GDPR transparency obligations require data controllers to give individuals clear, complete and timely information about how their personal data is processed. The EDPB CEF 2026, the European Data Protection Board’s next coordinated enforcement action under its Coordinated Enforcement Framework, is expected to place these obligations at the centre of simultaneous investigations across EU member states. For public-sector bodies, regulated financial institutions, healthcare providers and legal organisations, the stakes are concrete: privacy notices, records of processing activities and impact assessments will all be reviewed against the full text of GDPR Articles 13 and 14.
What the EDPB CEF 2026 Will Actually Scrutinise
The CEF mechanism coordinates national supervisory authorities so that a single theme is investigated simultaneously across many jurisdictions, producing comparable findings and raising the probability that any organisation operating in multiple member states faces review. The 2023 CEF on Data Protection Officers already demonstrated that the majority of investigated organisations were found non-compliant in at least one respect (EDPB CEF 2023 Report, 2023). CEF 2026 is expected to turn that same coordinated lens on transparency.
Under GDPR Article 13, a controller collecting data directly from a data subject must provide, at the moment of collection: the identity and contact details of the controller and any DPO; the purposes and legal bases for processing; the legitimate interests relied upon where applicable; any recipients or categories of recipients; and details of any intended transfers to third countries together with the safeguards applied. GDPR Article 14 mirrors these requirements for data obtained indirectly, with an additional obligation to disclose the source of the data.
Supervisory authorities scrutinising these notices will look beyond the existence of a privacy policy to its operational accuracy. A notice that still lists Microsoft or Google as a processor after an organisation has migrated to a sovereign environment is as deficient as one that omits a processor entirely. Equally, a notice that describes transfers to the United States without identifying the mechanism used (Standard Contractual Clauses, an adequacy decision or Binding Corporate Rules) will draw enforcement attention.
“Transparency is not a formality. It is the foundation on which data subjects exercise all their other rights, and supervisory authorities will treat opaque or incomplete privacy notices as a systemic failure, not a technical deficiency.” (European Data Protection Supervisor, EDPS Guidelines on Transparency, edps.europa.eu)
Restructuring Privacy Notices After a Sovereign Migration
Migrating from Microsoft 365 or Google Workspace to a sovereign Nextcloud environment changes at least three disclosable facts simultaneously: the identity of the data processor, the location of processing, and the applicable legal framework governing that location.

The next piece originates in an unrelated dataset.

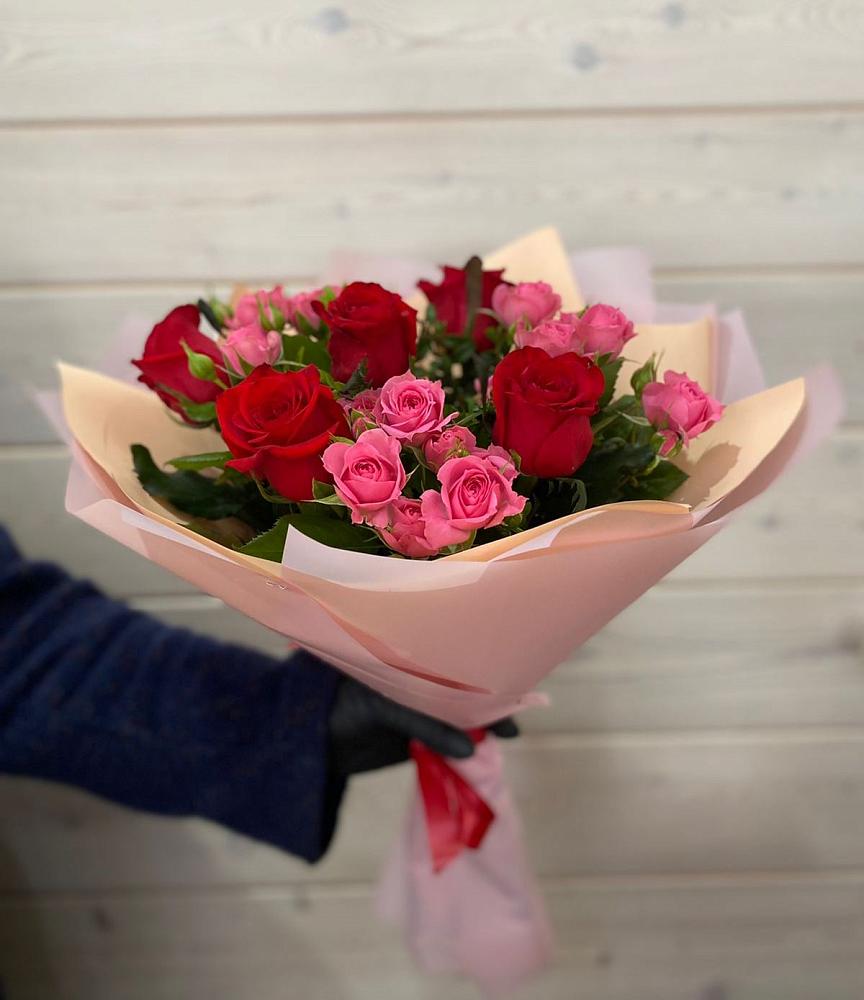 Букет цветов из: Розы в Ожогино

A well-structured post-migration privacy notice must reflect each change explicitly. The processor section should identify the new sovereign operator by full legal name and registered address, not a generic category such as “cloud hosting provider.” If the new environment is hosted in Switzerland under the revised Federal Act on Data Protection (revFADP, in force since 1 September 2023), the notice should state that Switzerland benefits from an EU adequacy decision (Commission Implementing Decision 2000/518/EC, still in effect) and that processing therefore occurs under a jurisdiction that does not expose data to US CLOUD Act or FISA 702 compelled-access requests.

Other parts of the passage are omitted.